(Scraped caption text data)
■ ■ ■ ■

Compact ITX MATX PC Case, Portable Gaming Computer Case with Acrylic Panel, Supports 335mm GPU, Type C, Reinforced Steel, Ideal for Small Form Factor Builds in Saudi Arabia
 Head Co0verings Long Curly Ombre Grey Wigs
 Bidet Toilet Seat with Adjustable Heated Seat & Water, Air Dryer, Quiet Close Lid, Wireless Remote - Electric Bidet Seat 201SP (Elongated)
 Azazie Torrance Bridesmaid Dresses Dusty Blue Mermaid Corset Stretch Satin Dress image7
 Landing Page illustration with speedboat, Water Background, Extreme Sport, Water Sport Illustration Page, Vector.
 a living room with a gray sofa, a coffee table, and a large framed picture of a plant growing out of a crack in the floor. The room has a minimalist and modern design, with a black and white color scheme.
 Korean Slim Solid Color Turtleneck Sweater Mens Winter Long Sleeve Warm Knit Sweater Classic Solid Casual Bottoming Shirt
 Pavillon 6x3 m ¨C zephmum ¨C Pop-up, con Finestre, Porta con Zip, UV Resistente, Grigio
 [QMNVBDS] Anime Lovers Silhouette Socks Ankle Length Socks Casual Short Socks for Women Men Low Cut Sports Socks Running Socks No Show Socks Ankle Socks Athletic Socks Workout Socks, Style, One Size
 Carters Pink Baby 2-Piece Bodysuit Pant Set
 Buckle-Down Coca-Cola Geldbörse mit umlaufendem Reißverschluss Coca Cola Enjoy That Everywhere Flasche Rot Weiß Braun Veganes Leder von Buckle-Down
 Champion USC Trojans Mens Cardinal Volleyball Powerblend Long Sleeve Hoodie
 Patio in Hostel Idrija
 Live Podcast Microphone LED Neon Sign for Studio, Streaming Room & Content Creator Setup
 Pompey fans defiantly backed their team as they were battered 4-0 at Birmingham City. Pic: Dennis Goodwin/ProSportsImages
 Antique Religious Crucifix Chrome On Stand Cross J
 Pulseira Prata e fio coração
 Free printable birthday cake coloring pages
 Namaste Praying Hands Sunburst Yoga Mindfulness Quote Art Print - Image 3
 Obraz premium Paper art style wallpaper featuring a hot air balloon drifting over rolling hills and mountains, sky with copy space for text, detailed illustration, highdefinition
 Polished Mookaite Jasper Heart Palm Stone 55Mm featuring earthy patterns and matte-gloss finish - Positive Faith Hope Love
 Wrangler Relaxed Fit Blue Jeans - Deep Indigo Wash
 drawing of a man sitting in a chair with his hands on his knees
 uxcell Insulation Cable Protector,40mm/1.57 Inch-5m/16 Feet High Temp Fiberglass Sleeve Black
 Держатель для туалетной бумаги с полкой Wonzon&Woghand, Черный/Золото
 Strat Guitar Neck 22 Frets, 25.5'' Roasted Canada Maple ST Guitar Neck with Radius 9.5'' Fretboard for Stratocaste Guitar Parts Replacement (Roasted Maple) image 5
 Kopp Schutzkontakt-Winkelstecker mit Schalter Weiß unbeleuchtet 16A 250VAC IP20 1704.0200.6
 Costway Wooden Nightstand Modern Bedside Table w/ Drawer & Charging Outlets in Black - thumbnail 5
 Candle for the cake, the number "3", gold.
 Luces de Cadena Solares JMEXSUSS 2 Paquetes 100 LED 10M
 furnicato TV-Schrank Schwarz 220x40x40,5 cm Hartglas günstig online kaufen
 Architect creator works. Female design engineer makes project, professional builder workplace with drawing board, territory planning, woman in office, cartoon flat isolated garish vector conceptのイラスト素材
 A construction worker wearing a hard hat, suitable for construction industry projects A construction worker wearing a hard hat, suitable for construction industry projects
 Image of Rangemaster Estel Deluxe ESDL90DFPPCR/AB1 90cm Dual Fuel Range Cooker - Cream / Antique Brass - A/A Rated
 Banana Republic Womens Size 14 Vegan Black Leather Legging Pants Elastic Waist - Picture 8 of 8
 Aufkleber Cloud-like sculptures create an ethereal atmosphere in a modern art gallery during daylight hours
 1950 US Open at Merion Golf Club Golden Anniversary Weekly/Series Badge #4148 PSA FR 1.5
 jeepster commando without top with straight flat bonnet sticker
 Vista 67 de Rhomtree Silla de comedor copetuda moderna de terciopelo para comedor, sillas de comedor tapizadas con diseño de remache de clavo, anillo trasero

■ ■ ■ ■

Starting at the line that contains "1950 US Open", restate word for word every line through the last one in the records above. Return nothing else.

 1950 US Open at Merion Golf Club Golden Anniversary Weekly/Series Badge #4148 PSA FR 1.5
 jeepster commando without top with straight flat bonnet sticker
 Vista 67 de Rhomtree Silla de comedor copetuda moderna de terciopelo para comedor, sillas de comedor tapizadas con diseño de remache de clavo, anillo trasero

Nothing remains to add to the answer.